This imports crude oil refinery utilization and capacities for countries world wide (including all OPEC members) from 1980 to 2022. A Oil Refinery processes crude oil into various refined products, including gasoline, diesel, and petrochemicals. They will be stored in the project as Pandas DataFrames, along with a third DataFrame that describes countries utilization rates of oil refineries per year.

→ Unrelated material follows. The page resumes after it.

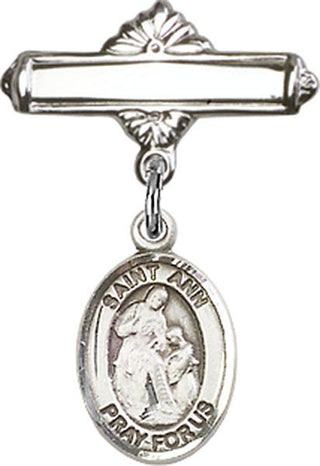 Sterling Silver Polished Badge Pin St. Ann Baby Badge - Engravable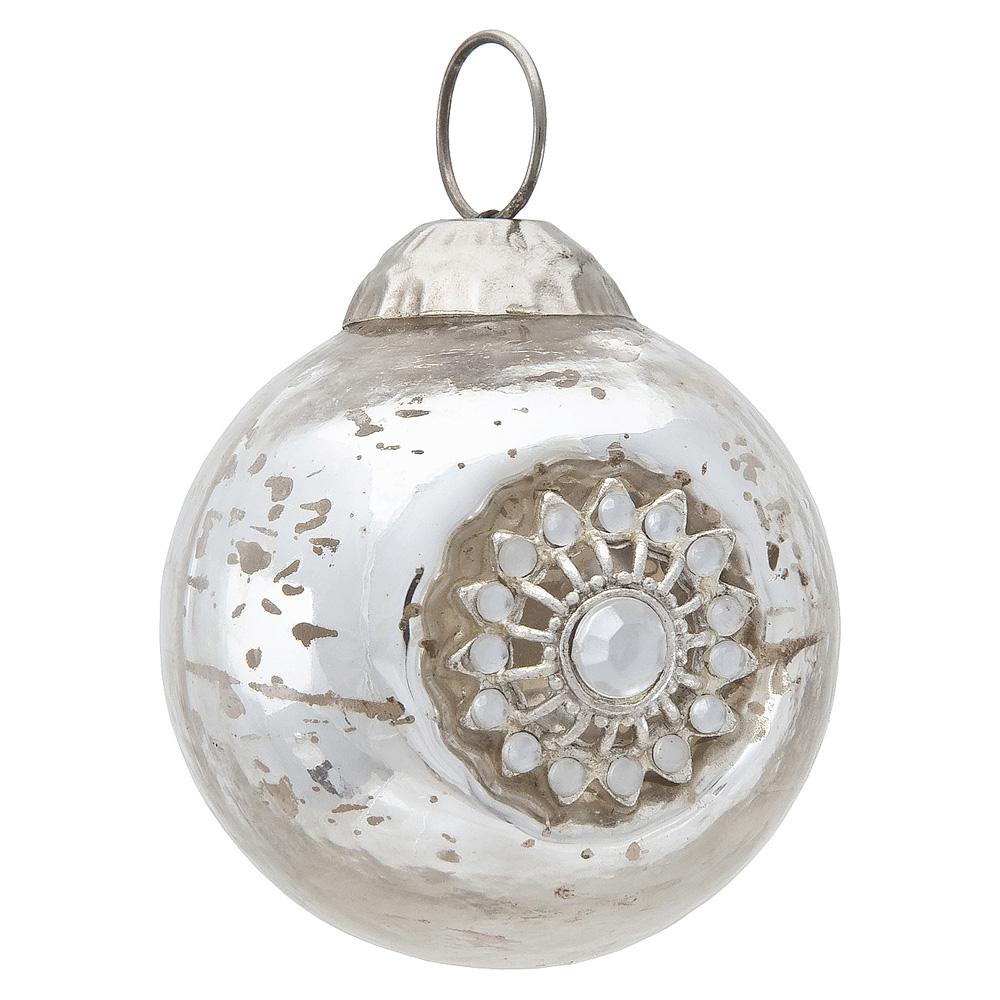 Mercury Glass Ornaments (2.25-Inch, Audrey Bejeweled Design, Silver, Single)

$\text{Utilization}_{\text{year}} = \frac{\text{Refinery Throughput}_{\text{year}}}{\text{Refinery Capacity}_{\text{year}}}$
# Importing oil production dataset.
refinery_capacity_df = pd.read_csv("data/opec_downstream/world_refinery_capacity.csv", index_col="Index")
refinery_capacity_df.replace('na', np.nan, inplace=True)
refinery_capacity_df.replace('n.a.', np.nan, inplace=True)
refinery_capacity_df = refinery_capacity_df.astype(float)
# Replacing incorrectly labeled countries.
replace = {'United States2': 'United States',
'South Korea2': 'South Korea',
'Venezuela3': 'Venezuela',
'I.R.Iran2': 'I.R.Iran',
'Qatar2': 'Qatar',
'Saudi Arabia2': 'Saudi Arabia',
'United Arab Emirates2': 'United Arab Emirates',
'Algeria2': 'Algeria'
}
refinery_capacity_df = refinery_capacity_df.rename(index=replace)
# Importing oil demand dataset.
refinery_throughput_df = pd.read_csv("data/opec_downstream/world_refinery_throughput.csv", index_col="Index")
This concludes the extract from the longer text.